» **INPUT DATA**
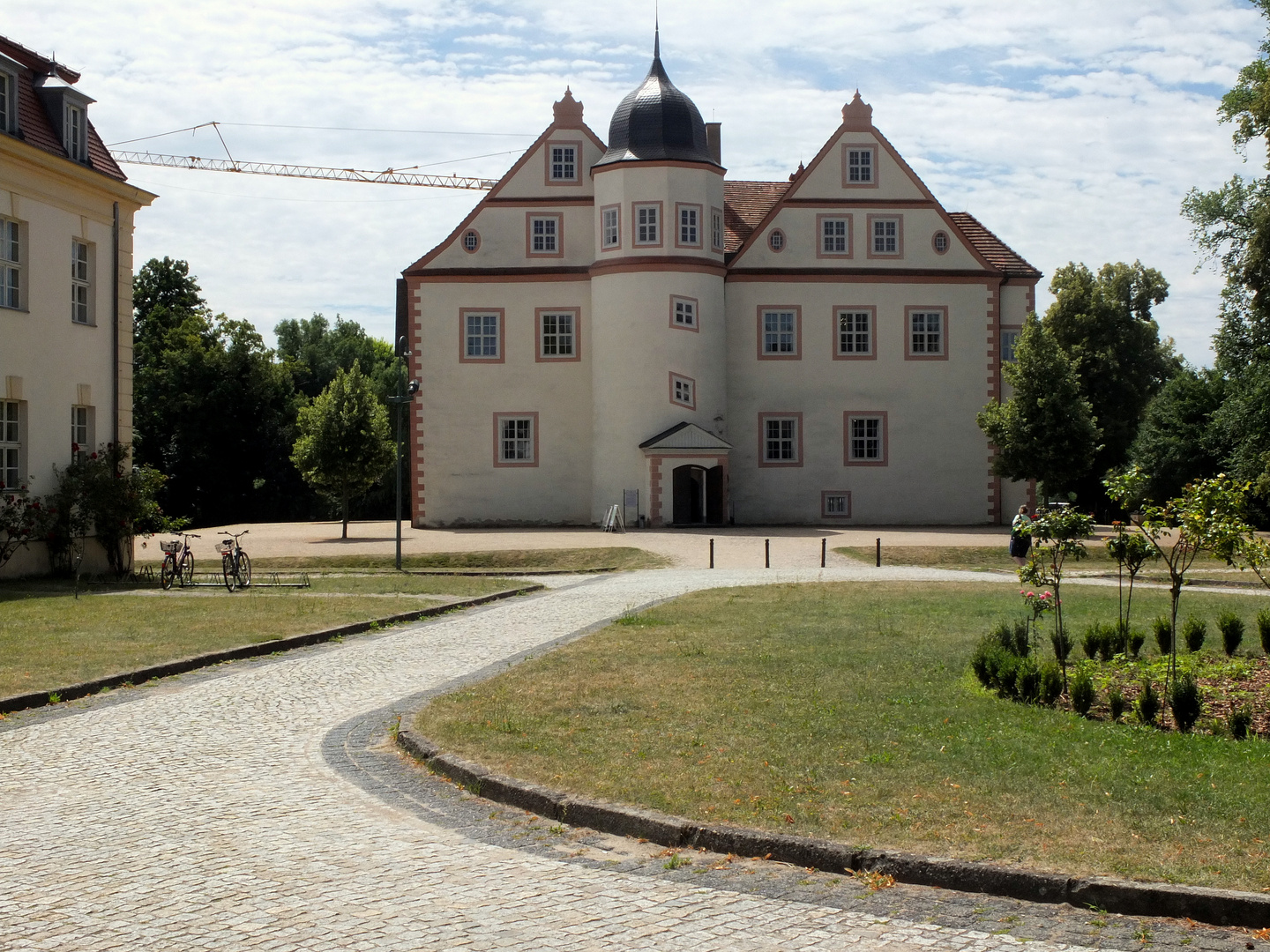 Schloss Königs Wusterhausen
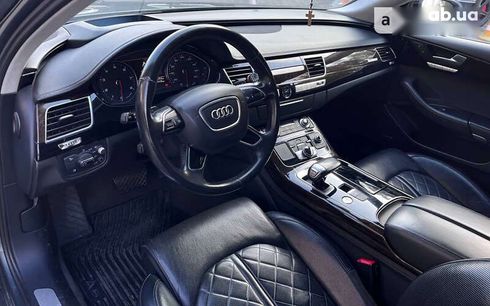 Audi A8 2016 - фото 7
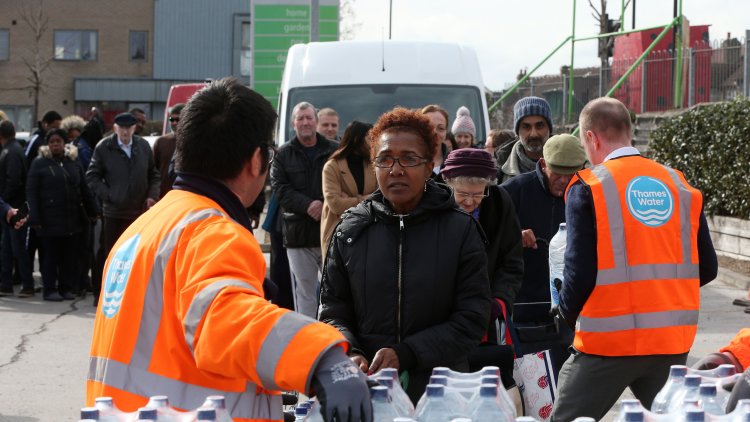 Failures in governance and regulation allowed water companies to let their customers down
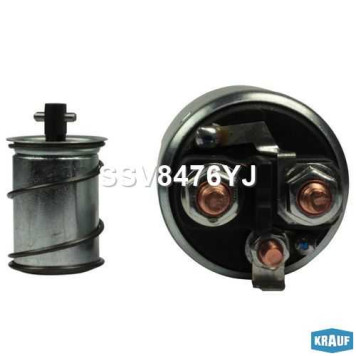 Втягивающее реле стартера <b>KRAUF SSV8476YJ</b>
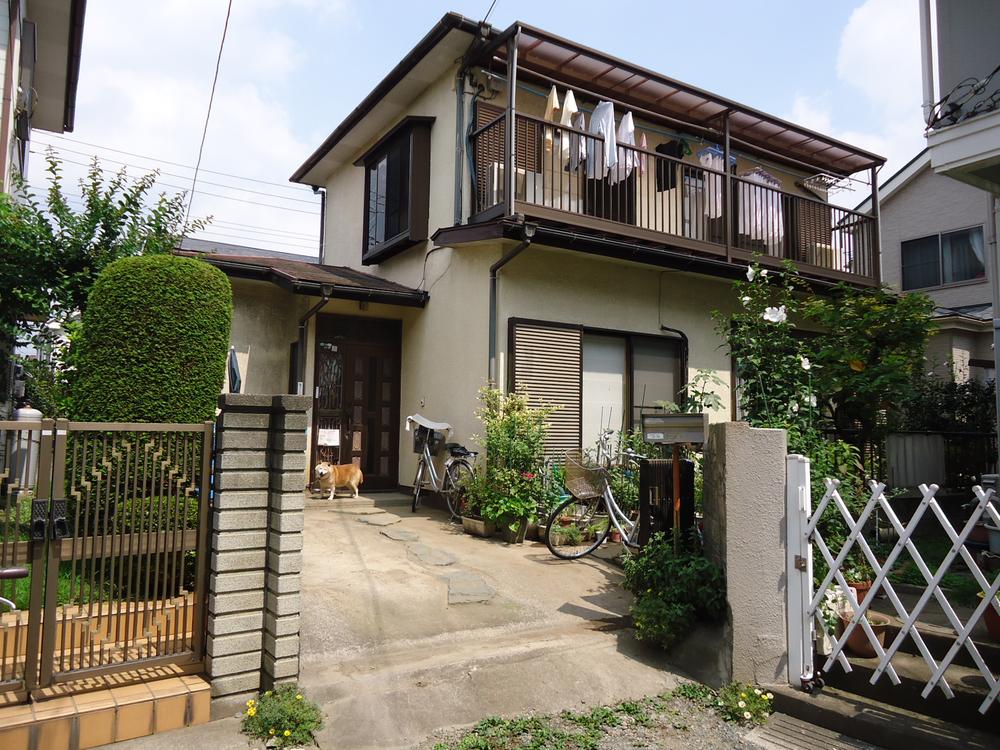 Local land photo. Local (August 2013) Shooting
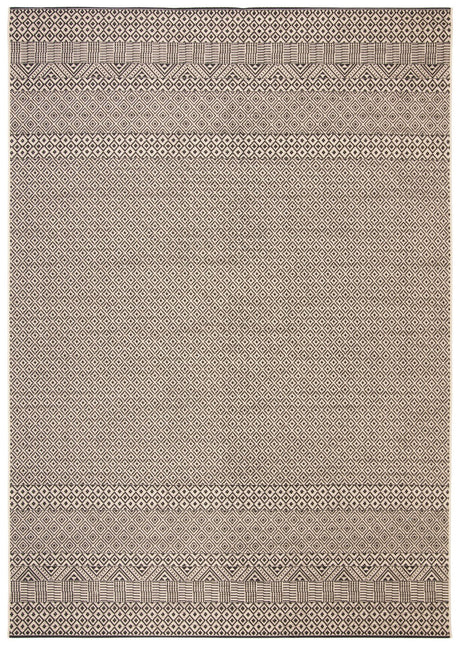 Safavieh Courtyard Cy6235 Beige/Black Rug - Safavieh - cy6235 - 25612 - 3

» **WHAT NEEDS TO BE DONE**
Your task is to transcribe exactly the lines from the one containing "Local land photo." through the final line of the entries above, pictures excluded.

» **PROBLEM SOLUTION**
 Local land photo. Local (August 2013) Shooting
 Safavieh Courtyard Cy6235 Beige/Black Rug - Safavieh - cy6235 - 25612 - 3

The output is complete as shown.